Data items:
+ + + + +
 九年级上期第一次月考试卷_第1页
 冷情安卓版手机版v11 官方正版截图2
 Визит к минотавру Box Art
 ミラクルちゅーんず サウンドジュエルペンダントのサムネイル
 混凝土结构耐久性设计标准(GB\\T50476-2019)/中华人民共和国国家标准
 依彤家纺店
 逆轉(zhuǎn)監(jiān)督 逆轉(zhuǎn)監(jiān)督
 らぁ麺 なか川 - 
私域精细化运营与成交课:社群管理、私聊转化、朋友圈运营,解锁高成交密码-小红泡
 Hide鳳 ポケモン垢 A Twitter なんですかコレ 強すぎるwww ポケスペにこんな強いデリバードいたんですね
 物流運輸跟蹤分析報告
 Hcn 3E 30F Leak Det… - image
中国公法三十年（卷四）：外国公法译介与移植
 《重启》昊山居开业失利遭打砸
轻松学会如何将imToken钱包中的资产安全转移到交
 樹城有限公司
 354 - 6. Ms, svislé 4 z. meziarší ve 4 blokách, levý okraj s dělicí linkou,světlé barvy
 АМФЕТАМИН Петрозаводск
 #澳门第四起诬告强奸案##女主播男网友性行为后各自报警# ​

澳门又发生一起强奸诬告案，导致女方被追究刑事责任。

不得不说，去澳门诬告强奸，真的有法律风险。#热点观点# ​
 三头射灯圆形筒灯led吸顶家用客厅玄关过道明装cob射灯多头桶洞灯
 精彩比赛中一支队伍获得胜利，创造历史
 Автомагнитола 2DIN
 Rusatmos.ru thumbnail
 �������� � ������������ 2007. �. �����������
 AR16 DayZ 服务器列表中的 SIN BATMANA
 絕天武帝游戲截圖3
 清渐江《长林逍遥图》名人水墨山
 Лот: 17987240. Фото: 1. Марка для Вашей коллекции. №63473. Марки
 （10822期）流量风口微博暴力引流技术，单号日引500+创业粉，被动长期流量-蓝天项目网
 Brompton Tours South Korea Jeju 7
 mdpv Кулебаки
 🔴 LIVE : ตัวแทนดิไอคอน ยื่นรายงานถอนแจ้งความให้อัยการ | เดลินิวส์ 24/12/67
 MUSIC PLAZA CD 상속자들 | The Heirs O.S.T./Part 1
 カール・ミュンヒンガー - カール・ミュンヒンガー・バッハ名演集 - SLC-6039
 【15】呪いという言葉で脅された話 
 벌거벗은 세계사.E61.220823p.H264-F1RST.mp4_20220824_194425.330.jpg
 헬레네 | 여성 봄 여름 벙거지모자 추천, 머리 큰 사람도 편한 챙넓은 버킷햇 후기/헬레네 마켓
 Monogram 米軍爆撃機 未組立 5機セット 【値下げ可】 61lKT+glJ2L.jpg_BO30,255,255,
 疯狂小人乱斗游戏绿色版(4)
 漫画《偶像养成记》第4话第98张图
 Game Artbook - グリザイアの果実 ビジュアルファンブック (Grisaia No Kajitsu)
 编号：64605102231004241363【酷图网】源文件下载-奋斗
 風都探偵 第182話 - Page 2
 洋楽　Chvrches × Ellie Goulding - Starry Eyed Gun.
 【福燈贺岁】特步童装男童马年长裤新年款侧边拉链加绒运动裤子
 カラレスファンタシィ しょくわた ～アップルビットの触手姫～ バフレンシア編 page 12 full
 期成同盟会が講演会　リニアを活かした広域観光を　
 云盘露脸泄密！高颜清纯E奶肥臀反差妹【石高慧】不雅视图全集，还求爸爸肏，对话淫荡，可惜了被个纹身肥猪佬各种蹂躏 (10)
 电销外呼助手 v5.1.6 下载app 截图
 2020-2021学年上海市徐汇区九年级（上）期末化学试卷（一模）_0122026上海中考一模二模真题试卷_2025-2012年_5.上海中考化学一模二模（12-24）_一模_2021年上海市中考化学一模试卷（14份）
+ + + + +
▶ _ASSIGNMENT_
The records above are to be printed out again exactly, without omission.

▶ _EXERCISE RESULT_
 九年级上期第一次月考试卷_第1页
 冷情安卓版手机版v11 官方正版截图2
 Визит к минотавру Box Art
 ミラクルちゅーんず サウンドジュエルペンダントのサムネイル
 混凝土结构耐久性设计标准(GB\\T50476-2019)/中华人民共和国国家标准
 依彤家纺店
 逆轉(zhuǎn)監(jiān)督 逆轉(zhuǎn)監(jiān)督
 らぁ麺 なか川 - 
私域精细化运营与成交课:社群管理、私聊转化、朋友圈运营,解锁高成交密码-小红泡
 Hide鳳 ポケモン垢 A Twitter なんですかコレ 強すぎるwww ポケスペにこんな強いデリバードいたんですね
 物流運輸跟蹤分析報告
 Hcn 3E 30F Leak Det… - image
中国公法三十年（卷四）：外国公法译介与移植
 《重启》昊山居开业失利遭打砸
轻松学会如何将imToken钱包中的资产安全转移到交
 樹城有限公司
 354 - 6. Ms, svislé 4 z. meziarší ve 4 blokách, levý okraj s dělicí linkou,světlé barvy
 АМФЕТАМИН Петрозаводск
 #澳门第四起诬告强奸案##女主播男网友性行为后各自报警# ​

澳门又发生一起强奸诬告案，导致女方被追究刑事责任。

不得不说，去澳门诬告强奸，真的有法律风险。#热点观点# ​
 三头射灯圆形筒灯led吸顶家用客厅玄关过道明装cob射灯多头桶洞灯
 精彩比赛中一支队伍获得胜利，创造历史
 Автомагнитола 2DIN
 Rusatmos.ru thumbnail
 �������� � ������������ 2007. �. �����������
 AR16 DayZ 服务器列表中的 SIN BATMANA
 絕天武帝游戲截圖3
 清渐江《长林逍遥图》名人水墨山
 Лот: 17987240. Фото: 1. Марка для Вашей коллекции. №63473. Марки
 （10822期）流量风口微博暴力引流技术，单号日引500+创业粉，被动长期流量-蓝天项目网
 Brompton Tours South Korea Jeju 7
 mdpv Кулебаки
 🔴 LIVE : ตัวแทนดิไอคอน ยื่นรายงานถอนแจ้งความให้อัยการ | เดลินิวส์ 24/12/67
 MUSIC PLAZA CD 상속자들 | The Heirs O.S.T./Part 1
 カール・ミュンヒンガー - カール・ミュンヒンガー・バッハ名演集 - SLC-6039
 【15】呪いという言葉で脅された話 
 벌거벗은 세계사.E61.220823p.H264-F1RST.mp4_20220824_194425.330.jpg
 헬레네 | 여성 봄 여름 벙거지모자 추천, 머리 큰 사람도 편한 챙넓은 버킷햇 후기/헬레네 마켓
 Monogram 米軍爆撃機 未組立 5機セット 【値下げ可】 61lKT+glJ2L.jpg_BO30,255,255,
 疯狂小人乱斗游戏绿色版(4)
 漫画《偶像养成记》第4话第98张图
 Game Artbook - グリザイアの果実 ビジュアルファンブック (Grisaia No Kajitsu)
 编号：64605102231004241363【酷图网】源文件下载-奋斗
 風都探偵 第182話 - Page 2
 洋楽　Chvrches × Ellie Goulding - Starry Eyed Gun.
 【福燈贺岁】特步童装男童马年长裤新年款侧边拉链加绒运动裤子
 カラレスファンタシィ しょくわた ～アップルビットの触手姫～ バフレンシア編 page 12 full
 期成同盟会が講演会　リニアを活かした広域観光を　
 云盘露脸泄密！高颜清纯E奶肥臀反差妹【石高慧】不雅视图全集，还求爸爸肏，对话淫荡，可惜了被个纹身肥猪佬各种蹂躏 (10)
 电销外呼助手 v5.1.6 下载app 截图
 2020-2021学年上海市徐汇区九年级（上）期末化学试卷（一模）_0122026上海中考一模二模真题试卷_2025-2012年_5.上海中考化学一模二模（12-24）_一模_2021年上海市中考化学一模试卷（14份）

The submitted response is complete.